Papers please: Factors affecting national and international COVID-19 immunity and vaccination passport uptake as determined by representative national surveys

Paul Michael Garrett, Joshua Paul White, Simon Dennis, Stephan Lewandowsky, Cheng-Ta Yang, Yasmina Okan, Andrew Perfors, Daniel R Little, Anastasia Kozyreva, Philipp Lorenz-Spreen, Takashi Kusumi, Yoshihisa Kashima

研究成果: 雜誌貢獻文章同行評審

6 引文 斯高帕斯(Scopus)


BACKGROUND: In response to the COVID-19 pandemic, countries are introducing digital passports that allow citizens to return to normal activities if they were previously infected with (immunity passport) or vaccinated against (vaccination passport) SARS-CoV-2. To be effective, policy decision makers must know whether these passports will be widely accepted by the public, and under what conditions? This study focuses attention on immunity passports, as these may prove useful in countries both with and without an existing COVID-19 vaccination program, however, our general findings also extend to vaccination passports.

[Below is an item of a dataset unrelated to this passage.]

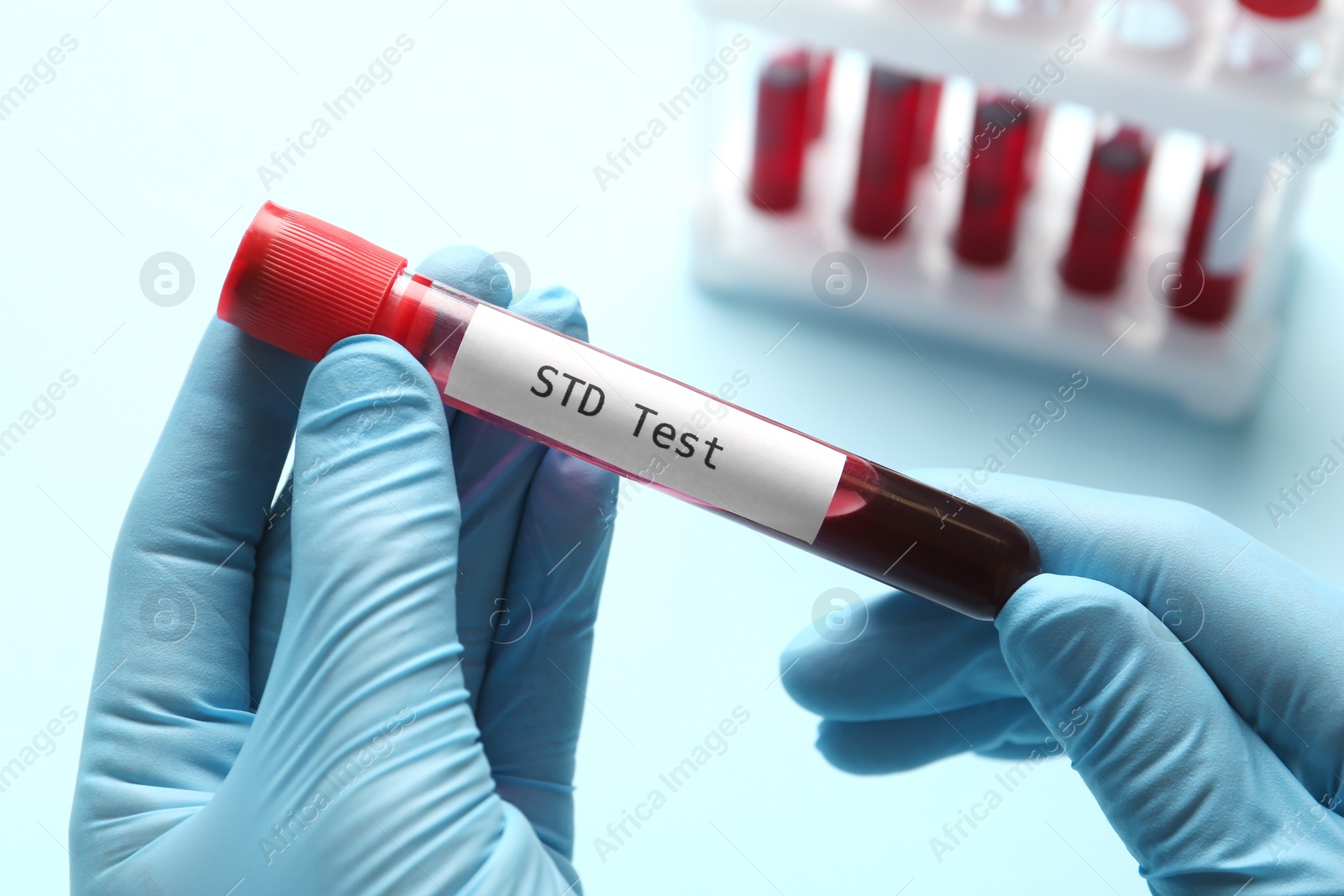 Photo of Scientist holding tube with blood sample and label STD Test on light blue background, closeup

OBJECTIVE: We aimed to assess attitudes towards the introduction of immunity passports in six countries, and determine what social, personal and contextual factors predicted their support.

METHODS: We collected 13,678 participants through online representative sampling across six countries - Australia, Japan, Taiwan, Germany, Spain, and the United Kingdom - during April to May of the 2020 COVID-19 pandemic, and assessed attitudes and support for the introduction of immunity passports.

RESULTS: Immunity passport support was moderate-to-low, being highest in Germany (51%; 775 of 1507 participants) and the United Kingdom (51%; 759 of 1484), followed by Taiwan (47%; 2841 of 5989), Australia (46%; 963 of 2086) and Spain (46%; 693 of 1491), and lowest in Japan (22%; 241 of 1081). Bayesian generalized linear mixed-effects modelling assessed predictive factors for immunity passport support across countries. International results showed neoliberal world views (odds ratio, OR = 1.17, CI[1.13:1.22]), personal concern (OR = 1.07, CI[1:1.16]) and perceived virus severity (OR = 1.07, CI[1.01:1.14]), the fairness of immunity passports (OR = 2.51, CI[2.36:2.66]), liking immunity passports (OR = 2.77, CI[2.61:2.94]), and a willingness to become infected to gain an immunity passport (OR = 1.6, CI[1.51:1.68]), were all predictive factors of immunity passport support. By contrast, gender (woman; OR = 0.9, CI[0.82:0.98]), immunity passport concern (OR = 0.61, CI[0.57:0.65]), and risk of harm to society (OR = 0.71, CI[0.67:0.76]) predicted a decrease in support for immunity passports. Minor differences in predictive factors were found between countries and results were modelled separately to provide national accounts of these data.

CONCLUSIONS: Our research suggests that support for immunity passports is predicted by the personal benefits and societal risks they confer. These findings generalized across six countries and may also prove informative for the introduction of vaccination passports, helping policy-makers to introduce effective COVID-19 passport policies in these six countries and around the world.